▶ [What the task requires] From the data below, return the exact lines starting at the line containing "Image of a couple" and ending at the line containing "Students participate in", both included, and nothing else.

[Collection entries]
━━━━━━━━━━
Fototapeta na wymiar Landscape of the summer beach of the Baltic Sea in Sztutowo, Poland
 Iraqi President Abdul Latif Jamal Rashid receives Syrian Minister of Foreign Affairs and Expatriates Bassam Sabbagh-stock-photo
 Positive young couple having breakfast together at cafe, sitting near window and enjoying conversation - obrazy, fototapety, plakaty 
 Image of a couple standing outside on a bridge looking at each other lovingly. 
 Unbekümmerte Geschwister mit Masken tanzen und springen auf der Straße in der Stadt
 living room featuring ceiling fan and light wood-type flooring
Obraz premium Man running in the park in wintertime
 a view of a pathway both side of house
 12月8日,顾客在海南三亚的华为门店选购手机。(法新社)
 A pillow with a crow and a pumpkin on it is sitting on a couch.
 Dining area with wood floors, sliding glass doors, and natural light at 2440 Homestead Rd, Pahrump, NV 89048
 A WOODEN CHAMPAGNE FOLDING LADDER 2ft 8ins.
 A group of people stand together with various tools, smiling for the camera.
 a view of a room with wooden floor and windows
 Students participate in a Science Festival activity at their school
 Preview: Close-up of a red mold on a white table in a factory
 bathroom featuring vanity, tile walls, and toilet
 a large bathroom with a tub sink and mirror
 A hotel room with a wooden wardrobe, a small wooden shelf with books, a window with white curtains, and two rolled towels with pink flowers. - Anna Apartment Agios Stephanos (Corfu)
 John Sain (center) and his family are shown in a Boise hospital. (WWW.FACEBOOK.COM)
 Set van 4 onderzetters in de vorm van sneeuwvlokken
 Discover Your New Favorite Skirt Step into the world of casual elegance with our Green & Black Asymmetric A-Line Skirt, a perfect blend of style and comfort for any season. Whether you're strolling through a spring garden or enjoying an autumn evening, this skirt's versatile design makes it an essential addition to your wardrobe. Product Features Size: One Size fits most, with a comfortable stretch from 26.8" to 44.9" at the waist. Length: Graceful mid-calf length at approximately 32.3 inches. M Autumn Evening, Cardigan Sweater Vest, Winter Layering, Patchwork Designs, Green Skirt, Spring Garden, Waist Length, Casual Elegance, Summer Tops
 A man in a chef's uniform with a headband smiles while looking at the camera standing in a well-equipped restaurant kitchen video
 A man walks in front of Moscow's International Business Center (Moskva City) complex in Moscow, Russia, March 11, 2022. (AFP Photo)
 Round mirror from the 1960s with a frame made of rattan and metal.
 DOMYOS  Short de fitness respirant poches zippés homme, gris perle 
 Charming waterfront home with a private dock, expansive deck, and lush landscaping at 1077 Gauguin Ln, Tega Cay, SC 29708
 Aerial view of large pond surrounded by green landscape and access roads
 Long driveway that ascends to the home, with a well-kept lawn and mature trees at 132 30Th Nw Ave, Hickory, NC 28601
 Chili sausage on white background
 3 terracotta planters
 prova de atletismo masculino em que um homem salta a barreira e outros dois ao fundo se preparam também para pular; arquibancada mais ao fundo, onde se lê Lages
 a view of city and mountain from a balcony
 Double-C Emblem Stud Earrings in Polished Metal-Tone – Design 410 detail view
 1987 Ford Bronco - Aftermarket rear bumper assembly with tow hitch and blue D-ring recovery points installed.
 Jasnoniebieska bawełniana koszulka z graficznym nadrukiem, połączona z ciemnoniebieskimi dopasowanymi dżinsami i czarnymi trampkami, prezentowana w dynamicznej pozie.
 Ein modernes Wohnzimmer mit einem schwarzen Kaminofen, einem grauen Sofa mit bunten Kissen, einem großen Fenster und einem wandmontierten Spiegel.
━━━━━━━━━━
▶ [Result]
 Image of a couple standing outside on a bridge looking at each other lovingly. 
 Unbekümmerte Geschwister mit Masken tanzen und springen auf der Straße in der Stadt
 living room featuring ceiling fan and light wood-type flooring
Obraz premium Man running in the park in wintertime
 a view of a pathway both side of house
 12月8日,顾客在海南三亚的华为门店选购手机。(法新社)
 A pillow with a crow and a pumpkin on it is sitting on a couch.
 Dining area with wood floors, sliding glass doors, and natural light at 2440 Homestead Rd, Pahrump, NV 89048
 A WOODEN CHAMPAGNE FOLDING LADDER 2ft 8ins.
 A group of people stand together with various tools, smiling for the camera.
 a view of a room with wooden floor and windows
 Students participate in a Science Festival activity at their school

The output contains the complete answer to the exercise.